И вот когда вместе с патриотами Севера — Б. Шергиным, О. Озаровской, А. Поповым, П. Истоминым, А. Покровской, Е. Тагер Писахов вел борьбу против убогих взглядов на крестьянскую культуру, он и создал первые свои сказки. А встретив однажды в 1928 году в пригородной архангельской деревне Уйме даровитого рассказчика небылиц старика Семена Кривоногова, по прозванью «Малина» (от него писатель услышал, как тот «на корабле через Карпаты ездил» и «как собака Розка волков ловила»), будучи очарован его искусством, так гармонировавшим с творческим устремлением самого писателя, Писахов решил вести все свои дальнейшие повествования от имени Сени Малины: он чтил «память безвестных северных сказителей», своих «сородичей и земляков».

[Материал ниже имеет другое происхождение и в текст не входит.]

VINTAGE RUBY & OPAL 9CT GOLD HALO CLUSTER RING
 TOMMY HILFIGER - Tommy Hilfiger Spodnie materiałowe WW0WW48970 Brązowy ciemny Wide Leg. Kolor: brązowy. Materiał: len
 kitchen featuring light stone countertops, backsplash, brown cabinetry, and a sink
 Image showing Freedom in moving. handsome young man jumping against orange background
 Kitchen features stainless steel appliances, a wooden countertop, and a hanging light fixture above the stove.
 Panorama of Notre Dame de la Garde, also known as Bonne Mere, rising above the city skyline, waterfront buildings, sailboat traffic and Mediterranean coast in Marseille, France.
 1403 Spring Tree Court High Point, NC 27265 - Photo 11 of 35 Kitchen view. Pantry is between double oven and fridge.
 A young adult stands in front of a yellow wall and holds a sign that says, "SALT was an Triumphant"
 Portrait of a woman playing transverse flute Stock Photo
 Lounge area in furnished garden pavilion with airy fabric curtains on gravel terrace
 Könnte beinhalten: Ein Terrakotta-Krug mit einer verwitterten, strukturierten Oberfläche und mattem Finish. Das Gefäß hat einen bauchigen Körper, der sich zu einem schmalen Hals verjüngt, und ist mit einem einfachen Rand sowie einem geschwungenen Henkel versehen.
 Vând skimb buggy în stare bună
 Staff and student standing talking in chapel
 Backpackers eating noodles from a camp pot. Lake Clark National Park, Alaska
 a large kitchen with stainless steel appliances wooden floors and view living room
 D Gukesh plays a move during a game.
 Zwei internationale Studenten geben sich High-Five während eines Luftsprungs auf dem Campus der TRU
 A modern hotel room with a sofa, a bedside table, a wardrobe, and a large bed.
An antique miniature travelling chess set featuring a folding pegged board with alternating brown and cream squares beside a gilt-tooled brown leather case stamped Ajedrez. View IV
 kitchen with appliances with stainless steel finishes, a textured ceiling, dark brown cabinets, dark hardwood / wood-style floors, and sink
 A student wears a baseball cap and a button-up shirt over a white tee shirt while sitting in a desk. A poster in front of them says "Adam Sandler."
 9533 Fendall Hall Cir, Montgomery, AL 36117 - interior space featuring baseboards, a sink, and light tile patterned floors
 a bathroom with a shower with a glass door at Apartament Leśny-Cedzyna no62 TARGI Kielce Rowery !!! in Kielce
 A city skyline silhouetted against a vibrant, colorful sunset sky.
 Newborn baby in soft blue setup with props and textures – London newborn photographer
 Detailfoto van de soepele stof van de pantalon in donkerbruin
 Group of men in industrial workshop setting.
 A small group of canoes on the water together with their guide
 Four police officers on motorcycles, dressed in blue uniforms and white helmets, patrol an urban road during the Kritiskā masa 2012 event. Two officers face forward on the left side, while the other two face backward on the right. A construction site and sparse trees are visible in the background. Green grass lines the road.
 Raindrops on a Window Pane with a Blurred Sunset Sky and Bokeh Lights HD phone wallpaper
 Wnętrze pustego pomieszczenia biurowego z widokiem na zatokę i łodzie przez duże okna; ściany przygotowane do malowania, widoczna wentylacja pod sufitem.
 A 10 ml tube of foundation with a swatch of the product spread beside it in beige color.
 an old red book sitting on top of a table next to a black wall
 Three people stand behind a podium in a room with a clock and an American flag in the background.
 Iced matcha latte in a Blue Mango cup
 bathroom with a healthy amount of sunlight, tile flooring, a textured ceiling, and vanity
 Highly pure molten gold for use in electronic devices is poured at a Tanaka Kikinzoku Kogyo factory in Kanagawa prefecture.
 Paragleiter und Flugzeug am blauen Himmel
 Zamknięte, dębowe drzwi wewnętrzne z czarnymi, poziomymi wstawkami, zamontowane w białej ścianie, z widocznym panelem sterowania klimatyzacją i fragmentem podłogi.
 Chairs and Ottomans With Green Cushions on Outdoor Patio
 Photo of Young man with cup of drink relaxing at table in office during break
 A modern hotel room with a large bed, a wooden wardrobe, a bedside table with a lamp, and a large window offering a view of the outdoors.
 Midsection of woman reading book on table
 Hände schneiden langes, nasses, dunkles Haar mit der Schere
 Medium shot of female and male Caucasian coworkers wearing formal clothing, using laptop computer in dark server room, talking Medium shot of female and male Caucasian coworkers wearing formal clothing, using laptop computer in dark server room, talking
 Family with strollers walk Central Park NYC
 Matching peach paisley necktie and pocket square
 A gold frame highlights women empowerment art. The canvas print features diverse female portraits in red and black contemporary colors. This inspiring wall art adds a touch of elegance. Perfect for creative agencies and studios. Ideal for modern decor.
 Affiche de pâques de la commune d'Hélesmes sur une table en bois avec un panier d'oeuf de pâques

Большое в искусстве не может возникнуть из примитива, из скудного морального и эстетического пожитка. Сказки Писахова — отражение человеческой души, которая творила в соприкосновении с великим: «В Москве, — обронил он в одном из писем, — мне надо каждый день видеть кремлевские звезды… В Архангельске мне надо видеть Двину».
«Жатва», которую пожинал писатель в год своего «совершеннолетия» (так он называл восемьдесят лет жизни), была обильна. Поздравления шли из Новгорода, Арзамаса, Вологды, Ленинграда, Москвы.